Evaluation of suspected autosomal Alport Syndrome synonymous variants

Abstract

【Background】 Alport syndrome is an inherited disorder characterized by progressive renal disease, variable sensorineural hearing loss, and ocular abnormalities. Although many pathogenic variants in COL4A3 and COL4A4 have been identified in autosomal Alport syndrome cases, synonymous mutations in these genes have rarely been identified. 【Methods】 We conducted in silico splicing analysis using the Human Splicing Finder (HSF) and Alamut to predict splicing domain strength and disruption of the sites.
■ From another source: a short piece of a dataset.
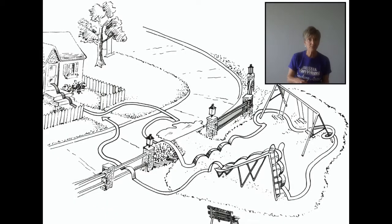I want you to look down at the map and find the house. That's where we're going to start, and you can follow along as we go on Anthony's adventure.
Furthermore, we performed in vitro splicing assays using minigene constructs and mRNA analysis of patient samples to determine the pathogenicity of 4 synonymous variants detected in 4 patients with suspected autosomal dominant Alport syndrome (COL4A3 (c.693G>A (p.Val231=) and COL4A4 (c.1353C>T (p.Gly451=), c.735G>A (p.Pro245=), and c.870G>A (p.Lys290=))). 【Results】 Both in vivo and in vitro splicing assays showed exon skipping in 2 out of the 4 synonymous variants identified (c.735G>A and c.870G>A in COL4A4). Prediction analysis of wild-type and mutated COL4A4 sequences using the HSF and Alamut suggested that these 2 variants may lead to the loss of binding sites for several splicing factors, e.g., in acceptor sites and exonic splicing enhancers. The other 2 variants did not induce aberrant splicing. 【Conclusions】 This study highlights the pitfalls of classifying the functional consequences of variants by a simple approach. Certain synonymous variants, although they do not alter the amino acid sequence of the encoded protein, can dramatically affect pre-mRNA splicing as shown in 2 of our cases. Our findings indicate that transcript analysis should be carried out to evaluate synonymous variants detected in autosomal dominant Alport syndrome cases.